Per tanto tempo avevamo sognato di acquistare una casa in montagna, una casa dove andare a vivere gli ultimi anni, dove invecchiare insieme passeggiando tra i boschi e i pascoli o sedendo su una panchina al sole per leggere un libro o il giornale, ma per un motivo o per l’altro abbiamo sempre rimandato.

E poi, una quindicina di anni fa, ci siamo decisi e abbiamo cominciato a visitare appartamenti, un numero quasi infinito di appartamenti, tutti diversi e tutti simili, arredati in modo sommario come lo sono spesso le case da vacanza, molti con un balcone o terrazzino, abbiamo confrontato prezzi e condizioni ma non riuscivamo a trovare nulla che ci convincesse veramente.

E poi, in autunno, visitammo la “nostra” casa e quando l’agente immobiliare che ci accompagnava aprì la finestra non vedemmo più null’altro se non il bosco e, tra i rami e le foglie secche, la sagoma delle montagne e sentimmo il rumore del torrente e decidemmo di acquistare subito la casa senza curarci della scomodità delle scale o dei lavori di ristrutturazione (pochi per la verità, ma li scoprimmo solo in seguito).

Ci eravamo innamorati di quel balcone, di quel bosco, di quella pace e ci immaginavamo che quello sarebbe stato lo spettacolo che avremmo visto al nostro risveglio ogni mattina.

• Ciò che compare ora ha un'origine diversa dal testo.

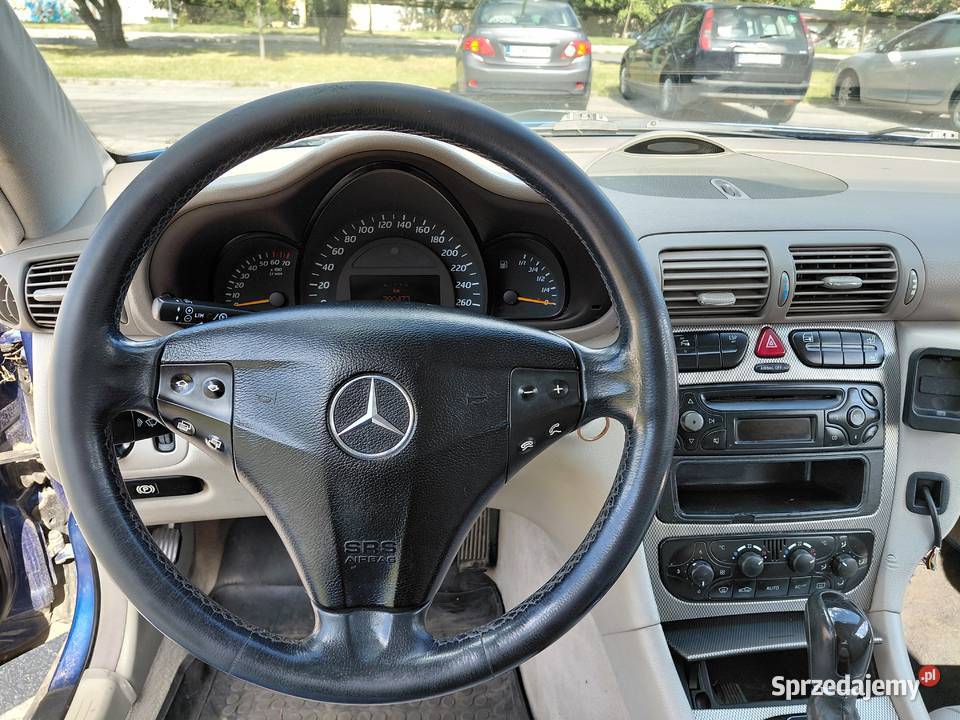 Mercedesa sportowy cupe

Poi abbiamo acquistato la casa, ma la vita riserva sempre delle sorprese, tu ti sei ammalato e io non sono riuscita ad andare in pensione e la casa dove avremmo dovuto vivere è diventata il rifugio dove trascorrere il tempo libero, le vacanze estive e tutti i momenti che riuscivamo a strappare ai nostri problemi.

Sono stati momenti felici, giorni irripetibili e preziosi incorniciati dai colori del bosco che muta ad ogni stagione.

La nostra colonna sonora: il cinguettio degli uccelli, il canto del ruscello, il silenzio della neve che cade.